### What to work on
For the data below, the lines that hold "Ocean" should be counted; only the resulting number is expected.

=====

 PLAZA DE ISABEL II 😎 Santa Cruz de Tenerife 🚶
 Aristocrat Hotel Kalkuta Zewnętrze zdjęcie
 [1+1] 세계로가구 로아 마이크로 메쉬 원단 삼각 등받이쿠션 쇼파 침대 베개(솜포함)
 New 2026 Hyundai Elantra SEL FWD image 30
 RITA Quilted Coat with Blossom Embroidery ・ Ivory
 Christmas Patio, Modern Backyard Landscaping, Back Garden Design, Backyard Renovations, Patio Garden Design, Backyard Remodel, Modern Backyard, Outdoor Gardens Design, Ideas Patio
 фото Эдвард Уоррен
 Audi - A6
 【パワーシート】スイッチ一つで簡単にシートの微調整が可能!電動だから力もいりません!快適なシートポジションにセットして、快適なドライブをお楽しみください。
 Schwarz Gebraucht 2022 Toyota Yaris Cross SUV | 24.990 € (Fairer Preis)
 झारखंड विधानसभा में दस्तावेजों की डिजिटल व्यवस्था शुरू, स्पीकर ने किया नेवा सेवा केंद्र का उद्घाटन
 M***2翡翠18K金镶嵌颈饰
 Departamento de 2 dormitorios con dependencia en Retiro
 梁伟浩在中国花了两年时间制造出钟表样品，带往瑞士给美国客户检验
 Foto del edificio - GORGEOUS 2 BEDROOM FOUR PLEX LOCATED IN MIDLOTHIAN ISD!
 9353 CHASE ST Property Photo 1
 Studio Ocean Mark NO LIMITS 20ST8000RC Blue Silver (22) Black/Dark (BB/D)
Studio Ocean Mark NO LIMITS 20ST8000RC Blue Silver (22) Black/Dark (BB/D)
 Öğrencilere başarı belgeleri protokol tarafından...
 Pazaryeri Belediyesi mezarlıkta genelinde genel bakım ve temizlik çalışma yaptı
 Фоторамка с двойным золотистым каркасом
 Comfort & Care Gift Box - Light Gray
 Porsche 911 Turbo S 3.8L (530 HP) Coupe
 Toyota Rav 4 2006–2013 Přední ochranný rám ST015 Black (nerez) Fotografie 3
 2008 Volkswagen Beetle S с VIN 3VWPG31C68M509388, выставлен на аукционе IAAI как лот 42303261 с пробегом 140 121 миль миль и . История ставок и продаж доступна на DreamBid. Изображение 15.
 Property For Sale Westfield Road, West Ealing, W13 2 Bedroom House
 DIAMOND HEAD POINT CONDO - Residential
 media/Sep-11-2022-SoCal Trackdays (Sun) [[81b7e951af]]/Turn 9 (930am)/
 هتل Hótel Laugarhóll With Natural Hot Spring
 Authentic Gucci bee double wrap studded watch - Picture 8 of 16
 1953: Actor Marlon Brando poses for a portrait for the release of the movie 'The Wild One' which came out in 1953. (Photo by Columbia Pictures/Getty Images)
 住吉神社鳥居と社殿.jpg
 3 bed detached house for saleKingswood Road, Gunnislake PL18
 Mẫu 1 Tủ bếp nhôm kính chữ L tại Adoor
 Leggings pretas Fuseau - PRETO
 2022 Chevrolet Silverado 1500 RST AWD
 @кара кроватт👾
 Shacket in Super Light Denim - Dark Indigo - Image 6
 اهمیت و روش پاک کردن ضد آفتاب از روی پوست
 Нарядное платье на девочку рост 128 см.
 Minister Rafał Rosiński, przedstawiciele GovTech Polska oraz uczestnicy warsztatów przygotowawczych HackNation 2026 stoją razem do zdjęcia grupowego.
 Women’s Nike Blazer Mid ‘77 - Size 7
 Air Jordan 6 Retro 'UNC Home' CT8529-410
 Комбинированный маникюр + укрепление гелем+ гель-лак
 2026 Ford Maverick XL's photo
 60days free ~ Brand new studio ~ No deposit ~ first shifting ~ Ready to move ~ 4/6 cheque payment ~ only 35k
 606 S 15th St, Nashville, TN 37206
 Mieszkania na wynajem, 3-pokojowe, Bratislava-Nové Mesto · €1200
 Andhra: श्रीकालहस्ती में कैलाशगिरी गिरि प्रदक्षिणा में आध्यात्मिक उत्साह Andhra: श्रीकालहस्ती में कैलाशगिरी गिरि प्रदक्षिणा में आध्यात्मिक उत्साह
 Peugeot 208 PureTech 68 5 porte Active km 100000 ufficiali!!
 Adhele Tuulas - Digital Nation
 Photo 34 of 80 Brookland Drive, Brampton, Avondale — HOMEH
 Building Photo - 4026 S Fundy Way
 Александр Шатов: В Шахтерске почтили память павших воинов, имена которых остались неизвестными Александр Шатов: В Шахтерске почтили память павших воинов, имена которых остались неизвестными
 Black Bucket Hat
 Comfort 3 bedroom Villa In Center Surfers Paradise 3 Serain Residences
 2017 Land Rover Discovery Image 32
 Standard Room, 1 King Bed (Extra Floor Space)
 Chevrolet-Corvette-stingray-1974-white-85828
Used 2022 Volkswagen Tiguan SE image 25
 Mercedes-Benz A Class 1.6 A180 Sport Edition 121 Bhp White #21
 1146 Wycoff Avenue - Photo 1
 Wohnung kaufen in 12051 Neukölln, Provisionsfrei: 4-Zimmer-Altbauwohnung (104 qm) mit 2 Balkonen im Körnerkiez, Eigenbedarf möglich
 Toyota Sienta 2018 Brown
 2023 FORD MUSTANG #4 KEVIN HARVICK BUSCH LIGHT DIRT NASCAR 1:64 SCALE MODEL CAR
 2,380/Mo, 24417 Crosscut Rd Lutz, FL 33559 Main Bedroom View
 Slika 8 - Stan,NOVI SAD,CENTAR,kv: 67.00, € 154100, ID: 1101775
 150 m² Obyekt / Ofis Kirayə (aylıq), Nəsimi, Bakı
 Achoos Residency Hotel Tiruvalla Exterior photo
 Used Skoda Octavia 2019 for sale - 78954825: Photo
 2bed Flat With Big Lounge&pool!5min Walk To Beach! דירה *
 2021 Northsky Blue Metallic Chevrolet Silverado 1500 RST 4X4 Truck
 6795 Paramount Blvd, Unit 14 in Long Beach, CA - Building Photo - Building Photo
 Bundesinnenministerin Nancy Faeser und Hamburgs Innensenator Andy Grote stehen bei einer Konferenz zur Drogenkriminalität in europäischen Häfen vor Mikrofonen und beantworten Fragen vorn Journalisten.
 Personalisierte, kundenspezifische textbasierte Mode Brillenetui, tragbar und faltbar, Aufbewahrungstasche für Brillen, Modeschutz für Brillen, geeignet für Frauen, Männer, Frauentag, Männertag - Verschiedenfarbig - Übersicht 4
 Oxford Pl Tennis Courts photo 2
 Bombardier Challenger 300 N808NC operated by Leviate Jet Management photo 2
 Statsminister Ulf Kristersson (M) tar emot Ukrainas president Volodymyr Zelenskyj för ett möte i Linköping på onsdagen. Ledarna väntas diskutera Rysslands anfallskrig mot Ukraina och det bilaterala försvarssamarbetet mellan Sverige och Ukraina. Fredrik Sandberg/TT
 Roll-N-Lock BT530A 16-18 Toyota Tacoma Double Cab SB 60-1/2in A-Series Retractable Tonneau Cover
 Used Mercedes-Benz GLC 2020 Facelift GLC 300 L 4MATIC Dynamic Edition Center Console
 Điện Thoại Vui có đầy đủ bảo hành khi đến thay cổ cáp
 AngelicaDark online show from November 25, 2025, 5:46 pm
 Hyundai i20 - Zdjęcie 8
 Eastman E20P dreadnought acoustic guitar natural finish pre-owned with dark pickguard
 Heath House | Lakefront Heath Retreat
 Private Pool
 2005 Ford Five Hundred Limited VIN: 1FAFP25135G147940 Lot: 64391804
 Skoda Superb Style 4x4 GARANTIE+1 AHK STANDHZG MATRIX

=====

### Task solution
2